SOURCE DATA Start Marker

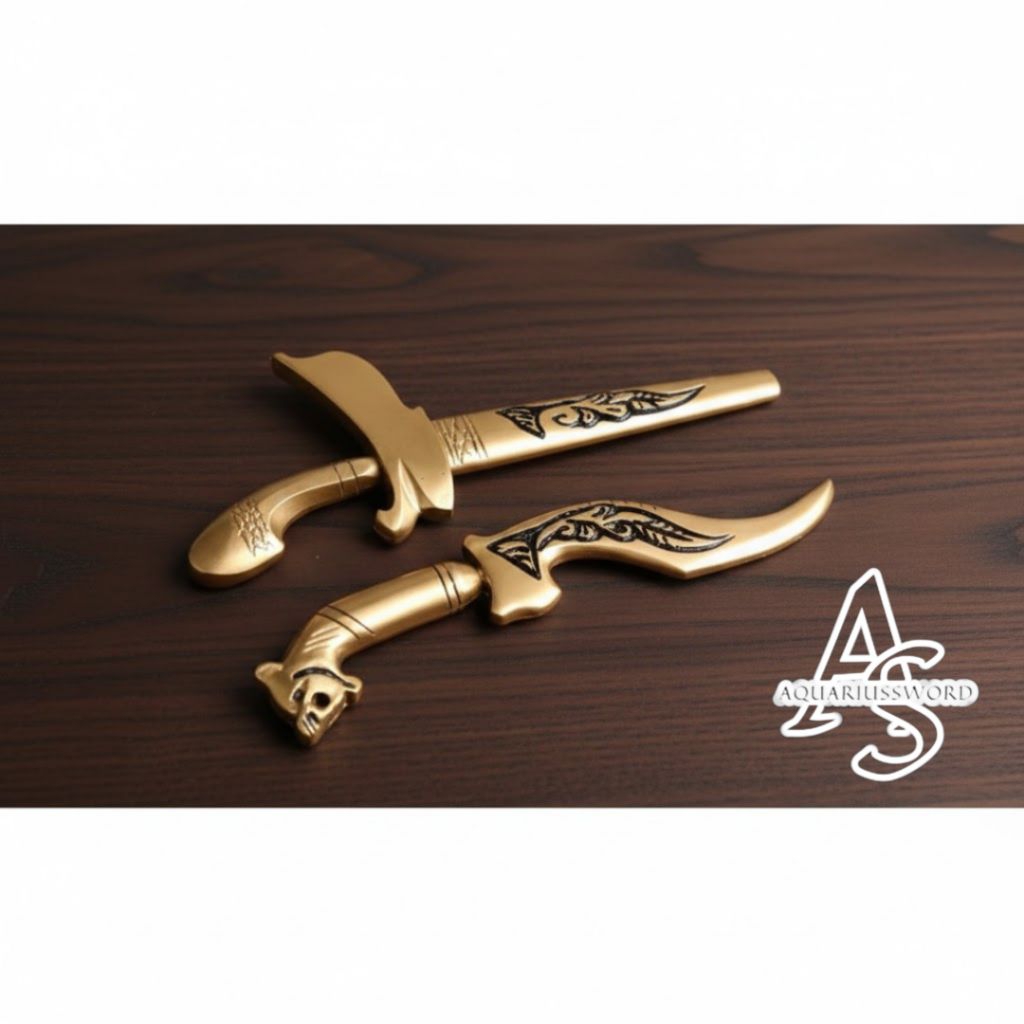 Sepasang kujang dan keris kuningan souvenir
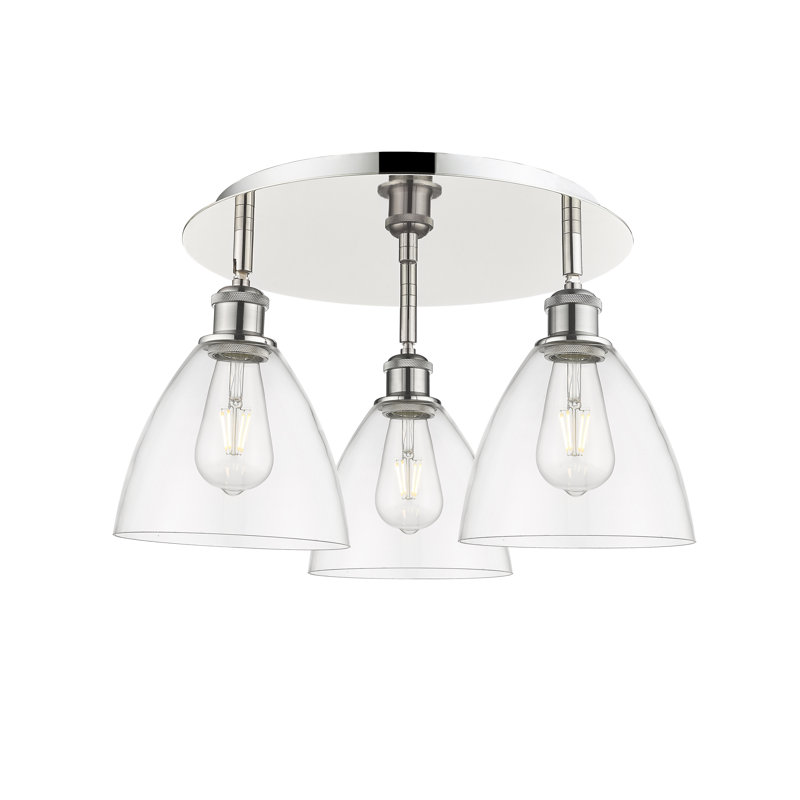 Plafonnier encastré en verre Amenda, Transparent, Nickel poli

SOURCE DATA End Marker
SOURCE DATA Start Marker

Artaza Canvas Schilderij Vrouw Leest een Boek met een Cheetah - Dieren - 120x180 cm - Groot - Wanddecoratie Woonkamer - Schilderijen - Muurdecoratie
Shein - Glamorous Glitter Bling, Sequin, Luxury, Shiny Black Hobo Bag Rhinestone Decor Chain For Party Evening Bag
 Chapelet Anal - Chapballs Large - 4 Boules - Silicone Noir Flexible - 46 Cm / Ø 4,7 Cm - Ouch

SOURCE DATA End Marker

- **WHAT YOU ARE ASKED TO DO**:
Retype, in the same exact form, the lines of the material above from the line holding "Shein - Glamorous" through the line holding "Chapelet Anal - Chapballs".

- **FINAL ANSWER**:
Shein - Glamorous Glitter Bling, Sequin, Luxury, Shiny Black Hobo Bag Rhinestone Decor Chain For Party Evening Bag
 Chapelet Anal - Chapballs Large - 4 Boules - Silicone Noir Flexible - 46 Cm / Ø 4,7 Cm - Ouch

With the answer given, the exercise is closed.